------ PROVIDED ENTRIES ------
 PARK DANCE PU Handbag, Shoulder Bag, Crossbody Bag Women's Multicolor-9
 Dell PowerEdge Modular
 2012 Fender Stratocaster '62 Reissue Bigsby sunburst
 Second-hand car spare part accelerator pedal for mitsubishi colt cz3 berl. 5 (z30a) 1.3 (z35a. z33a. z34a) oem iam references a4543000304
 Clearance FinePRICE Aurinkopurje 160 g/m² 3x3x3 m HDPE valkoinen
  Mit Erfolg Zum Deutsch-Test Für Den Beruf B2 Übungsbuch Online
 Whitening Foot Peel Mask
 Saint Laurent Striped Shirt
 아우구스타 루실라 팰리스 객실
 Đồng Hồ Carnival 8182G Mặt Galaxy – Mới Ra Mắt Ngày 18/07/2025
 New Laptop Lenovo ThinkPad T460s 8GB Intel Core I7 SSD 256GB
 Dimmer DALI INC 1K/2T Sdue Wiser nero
------
WHAT YOU ARE ASKED TO DO:
Start at the line containing "New Laptop Lenovo" and copy each line through the last one in the records, exactly and with nothing added.

RESPONSE AREA:
 New Laptop Lenovo ThinkPad T460s 8GB Intel Core I7 SSD 256GB
 Dimmer DALI INC 1K/2T Sdue Wiser nero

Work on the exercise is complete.